For a person with over 04 decades of popular politics in him, no expert is necessary to tell him, its now time to tighten the screws on every aspect of decent human living. The apex Courts thus came under the Rajapaksa regime with an impeachment in parliament ousting the 43rd Chief Justice (CJ) to install a much corroded personality as the 44th CJ. If, yes IF, the tide goes beyond that of a normal swell, the Rajapaksas are now all set to drive the last nail on a fast decaying democratic life. The elections, one to elect the next parliament is at stake and would stand threatened, with a CJ who would interpret the Constitution without any bias to the people.
What and where could the answer be ? The alternative ? The two main players to date, those who have been working hard with the International Community (IC) and those in the Sinhala Opposition working hard to out do Rajapaksa as a Sinhala leader, would never help produce an alternative to Rajapaksa. The IC would not go beyond a carefully worded statement that could satisfy their own pressure groups and human rights lobbies. Next March and the UNHRC would once again extend its right to review SL, till the next UNHRC. May be with another resolution and their HR lobbies told, all’s under control.
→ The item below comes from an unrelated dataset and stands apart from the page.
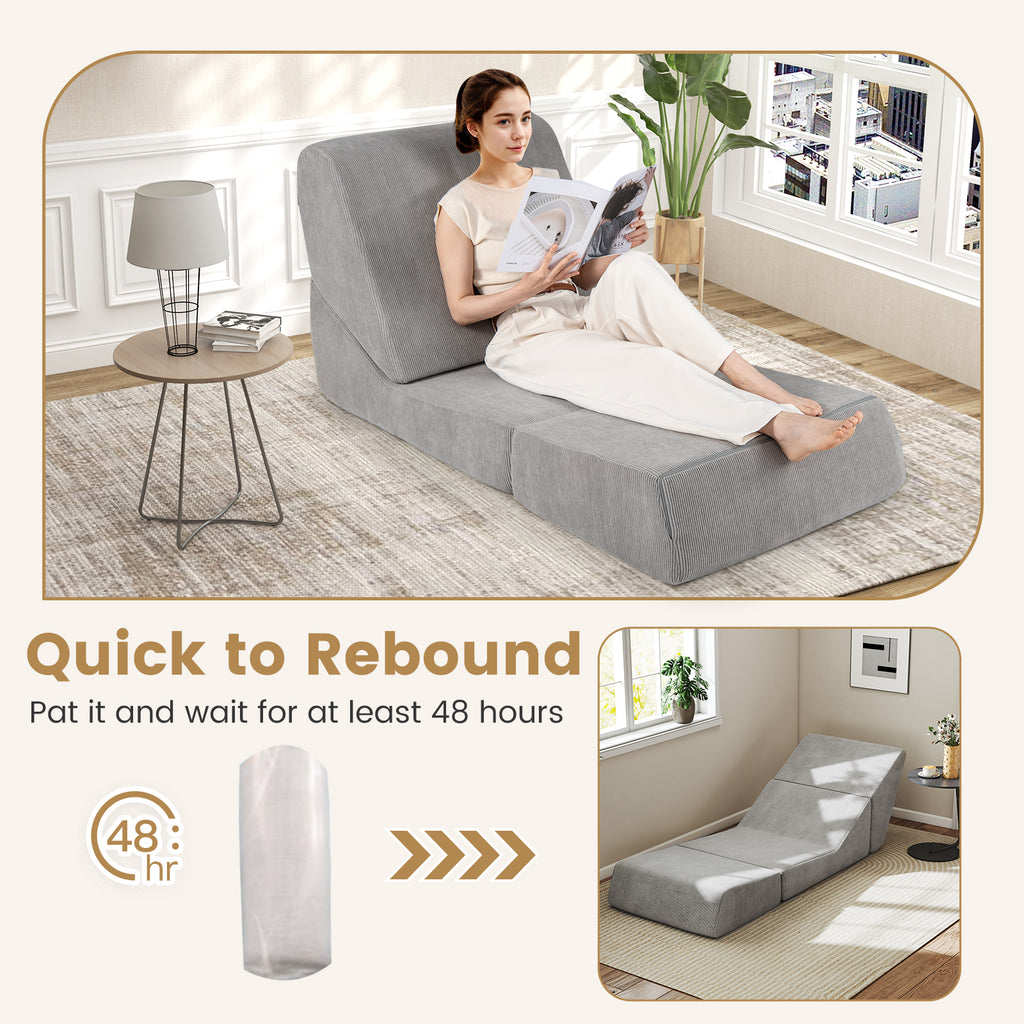 3-in-1 Folding Sofa Bed with Washable Cover – Gray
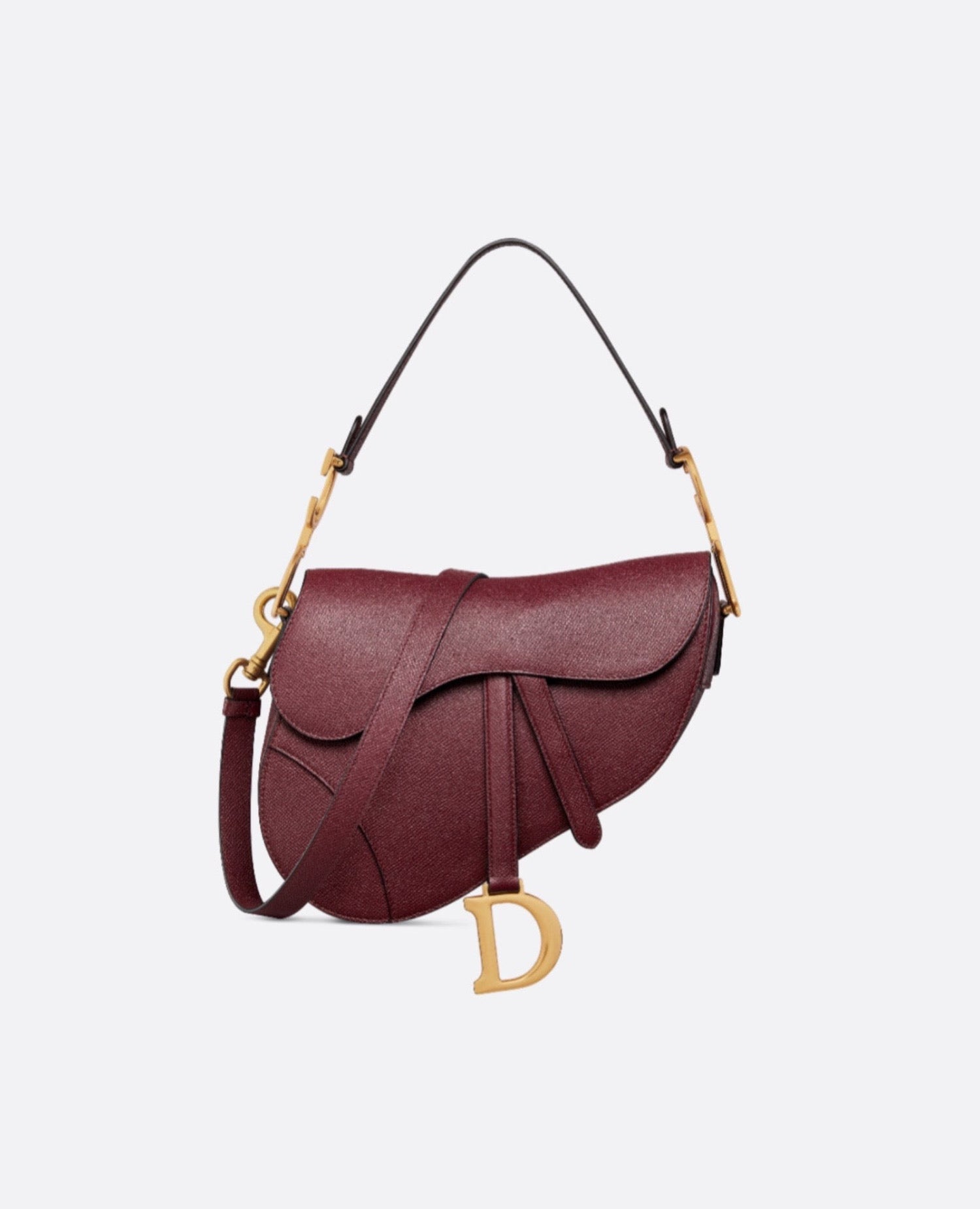 Christian Dior Saddle Bag with Strap Burgundy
The Rajapaksas would tell their Sinhala constituency the same. All’s under control. IC is now well understood by President Rajapaksa as a spent cartridge. With the other player, none could outfox a scheming Sinhala leader holding onto power, from the Opposition that does not even have Sinhala trader backing. But, that said, lets not forget, with Rajapaksas working overtime to drive the final nail on the coffin of democratic and economic life in this country, that is what allows for an alternative to be debated within that brewing political crisis. Sixty five years after independence, that could be the Rajapaksa contribution, in getting out of a total mess.
Human societies just don’t give in. There is always a fight back, I believe, for the better.